Consider the following columns in a HIVE table
(key1 string,
key2 string ,
position int,
Value double)
Here the values of column position ranges from 0-60.
Now, the task was to find for a given combination of key1,key2 combined all those rows for which the value at pos1 is less than value at pos2, value at pos2 is less than value at pos2, so on and so forth. Note the position should differ by 1 i.e. pos2-pos1 =1.
In our product, key1 is the source of query(say mobile or web) and key2 is the category code of query(say 800 for restaurants, 9001 for pizza etc) and value is the ctr rate for that source and category code combination at a given position.
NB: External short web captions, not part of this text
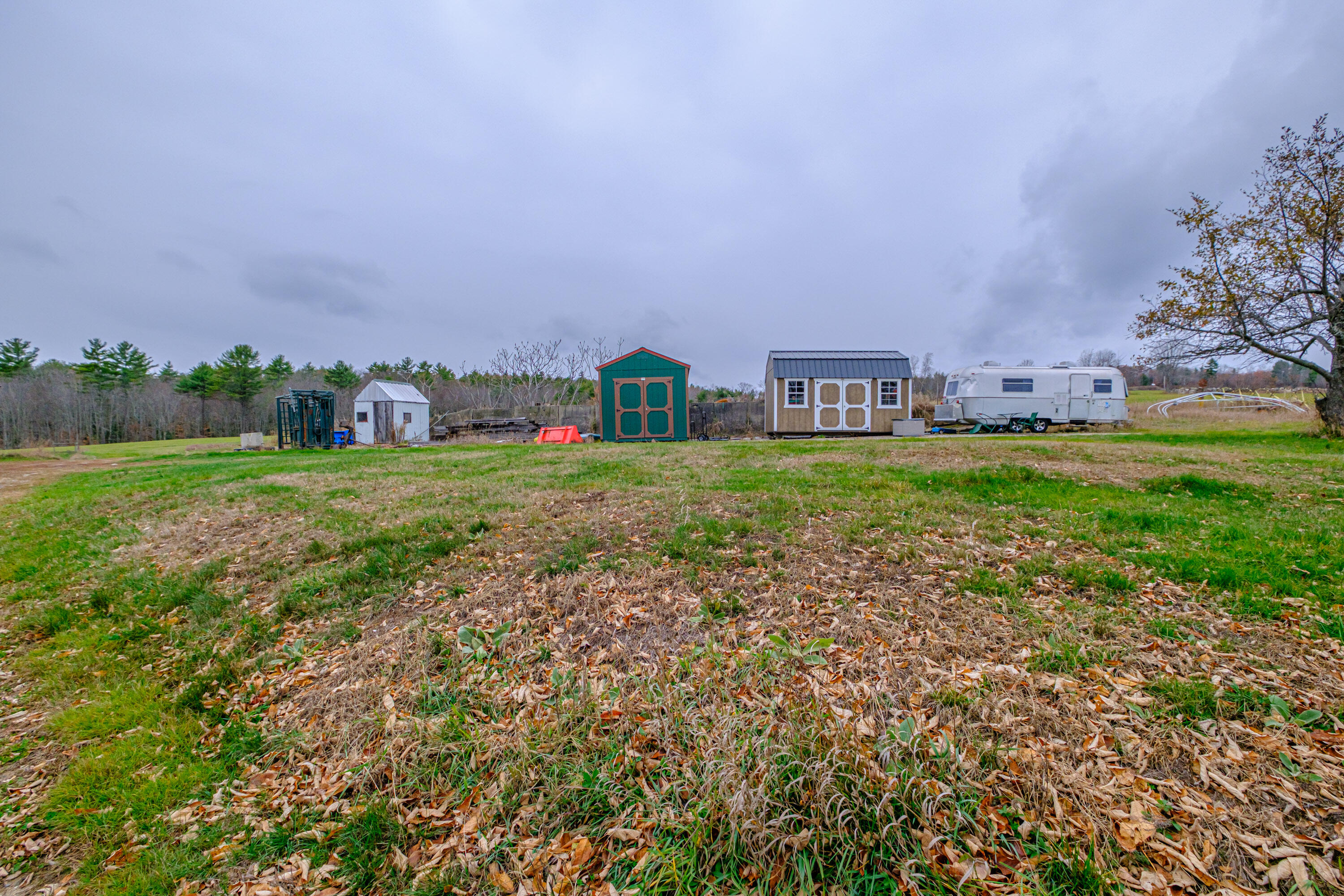 195 Pleasant Street Oxford ME 04270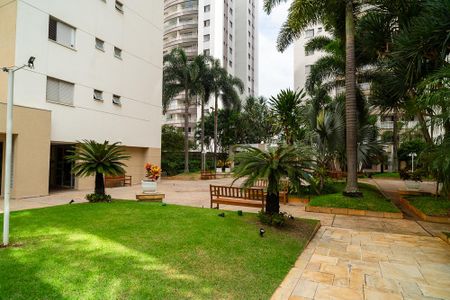 Apartamento para alugar com 87m², 3 quartos e 2 vagasÁrea comum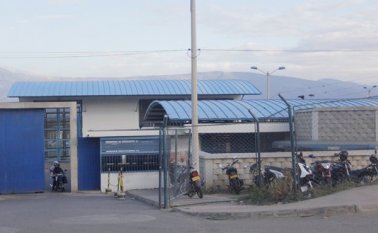 Archivo / La Opinión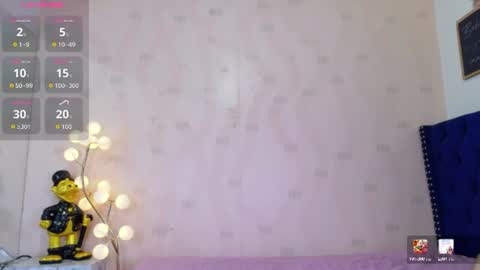 Tania  online show from June 23, 7:09 pm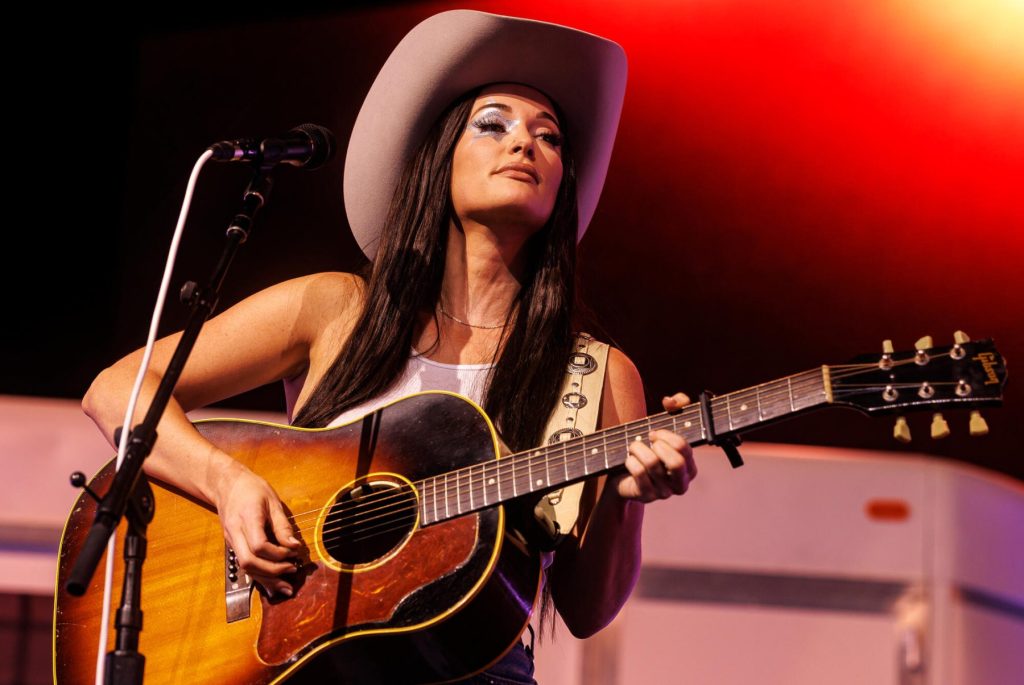 Source-feed image associated with Kacey Musgraves’ Middle of Nowhere Tour 2026: Here’s Where to Buy Affordable Tickets Online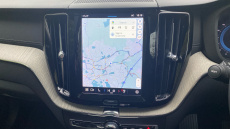 Volvo Xc60 2.0 B5P Inscription Pro 5dr AWD Geartronic Petrol Estate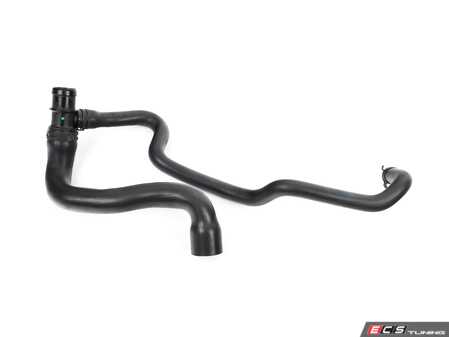 ES#4873492 - 17122754222 - Upper Radiator Hose - Keep your MINI engine cool and to proper circulation - Bremmen Parts - MINI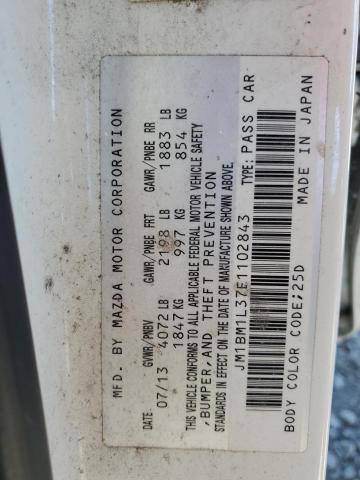 JM1BM1L37E1102843 Mazda py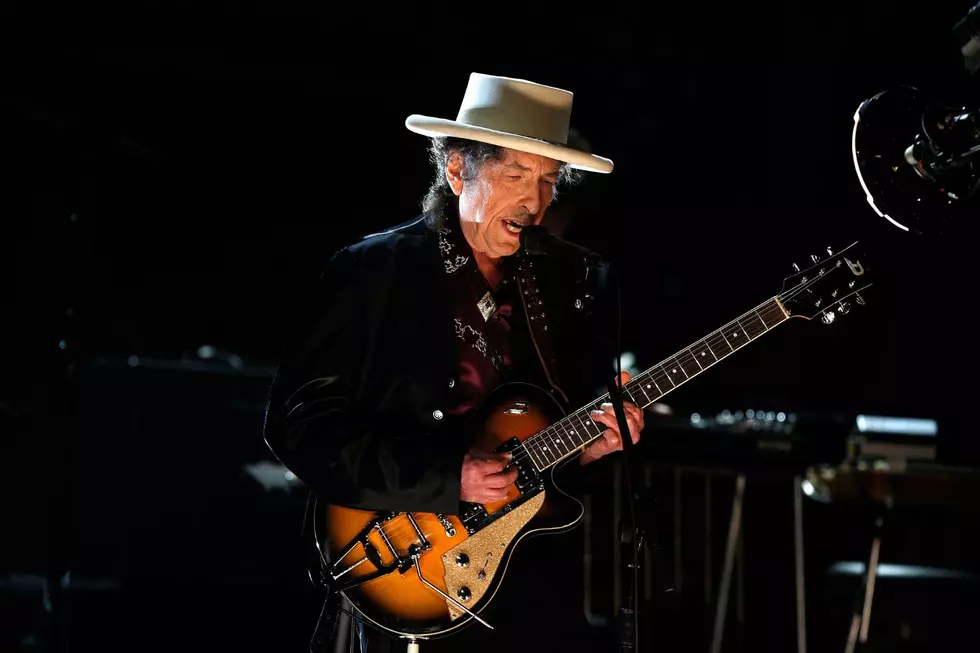 Win Bob Dylan Tickets With Ben and Patty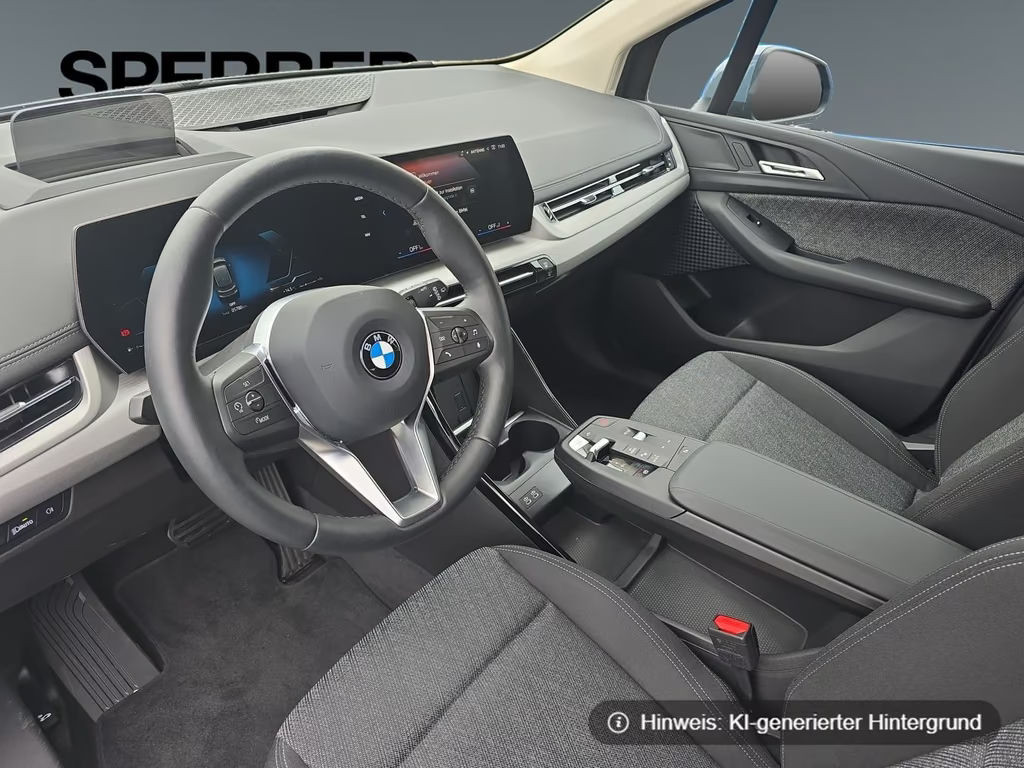 BMW 2 Serie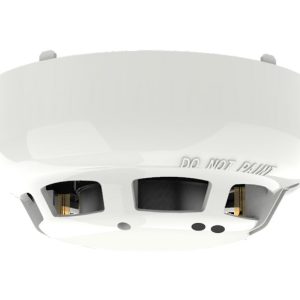 ATJ-EN(SCI) – Detetor térmico endereçável com isolador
So, to explain it again, the task was to find out those category codes combination for which the ctr value at position 2 is greater than position 1, position 3 greater than position 2 etc.
In Java this was easy, get all the rows order them by key1, key2, and key3. This will give you the values in an increasing order of a given key combination and in the increasing order of position too. Just write a simple algorithm to find those codes for which value at position 2 is greater than position 1 for a given key1,key2 combination(Leaving that as an exercise for the reader). TADaaa! This was easy.
Now the major problem was to implement the same logic in HIVE. I will present you the final query here. Its very self explanatory.
select
distinct
f.key1,
f.key2,
f.position
from
(select key1,key2,position,values from table_a) f
join
(select key1,key2,(position-1) as position,values from table_a) a
on
(f.key1=a.key1 and f.key2=a.key2 and f.position=a.position)
where f.ctr> a.ctr
In the above query the table joins with itself on same key to key combination. The trick used here to compare values at position 1 with values at position 2, position 2 and position 3 is to subtract 1 from all the rows in the second table and join it with the first table. Thus, later on you can compare the ctr values and print the results.